Sean Meeks, who's been Chieftain of the Pagan Student Alliance Austin for the last two years, has been immersed in the community for eight years, attending (and, in some cases, helping coordinate) the Council of Magickal Arts' Beltane and Samhain festivals, the Full Moon and Dark Moon rituals hosted at the Trinity Methodist Church, and various open rituals for holidays hosted by other groups.
"How do I celebrate the Summer Solstice?" says Meeks. "The solstice is in the middle of the growing season, and I like to do many summery things that indecently celebrate being alive. I normally try to go swimming, eat ice cream, hang out with friends, and just the fun things to do in the summer. Towards the evening, I make a round to the places the Neighbors frequent, and leave offerings of milk, bread, and honey.
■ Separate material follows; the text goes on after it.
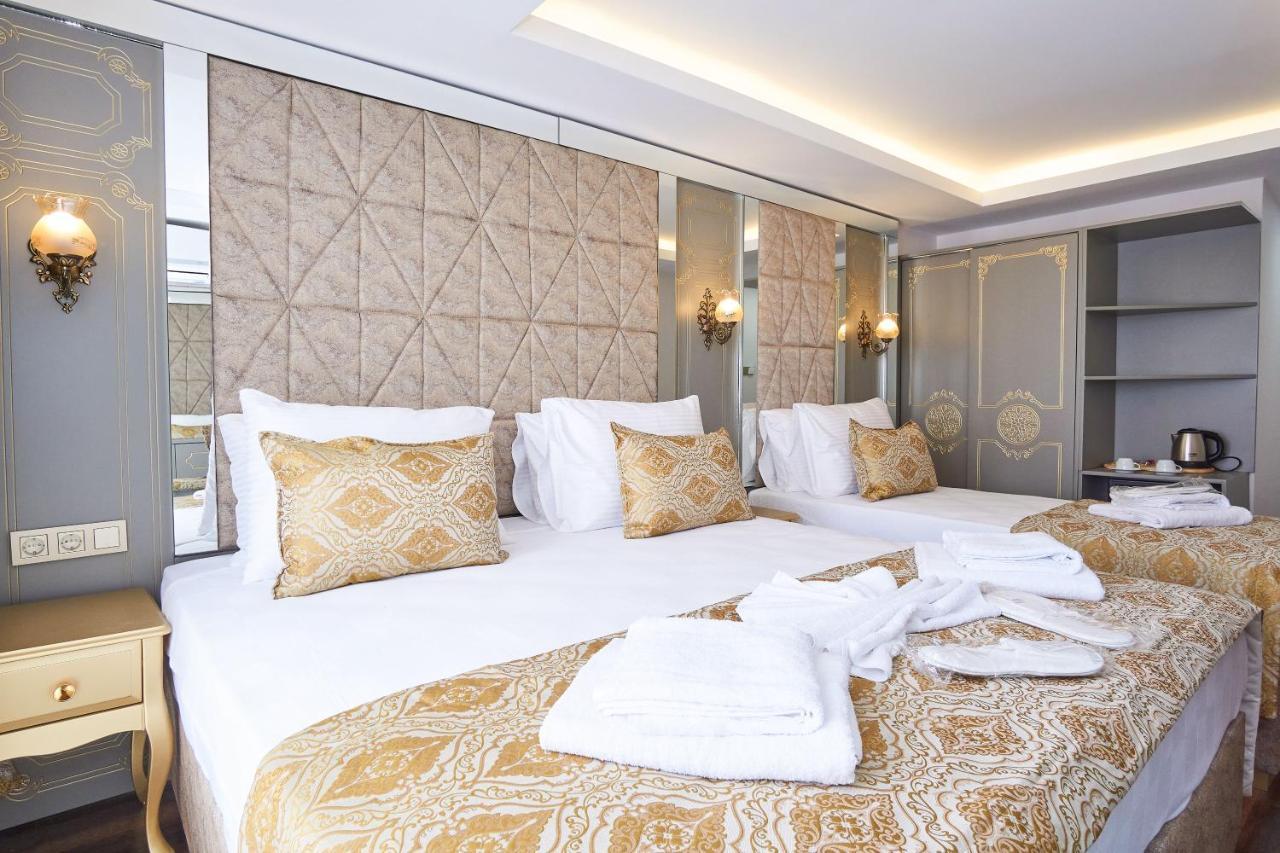 Sultan Suleyman Palace Hotel & Spa Estambul Exterior foto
At night, I try to hold a ritual, sometimes alone, sometimes in a group, that celebrates the height of the sun's power, yet still reminds me that time turns. The Summer Solstice is the longest day of the year, and the apex of the sun's power, but it also signals the start of shorter days. So the sun's ascension is only momentary."
Austin Chronicle: What you've told me should probably be self-evident, but my ignorance is wanting a fuller description. Like, um, when you say "Neighbors" … do you mean just those people who live around you? And "places frequented"? Like, parks? Bars? And when you leave offerings, what's that look like?
Sean Meeks: "The Neighbors" is a politer name for those entities most people call faeries. Faeries actually means strangers or outsiders, and the Neighbors are as native to this world as we are – they just inhabit different places. Places they frequent are places that seem to have a life of their own. It can be a old oak tree, a particular building, a road where you get lost a lot, et cetera. My offerings are usually a piece of bread soaked in honey and milk or fruits like grapes or strawberries.
Take note, curmudgeonly old (but also dearly departed) Robert Frost: Maybe especially in the summer, it's not just fences that make good Neighbors.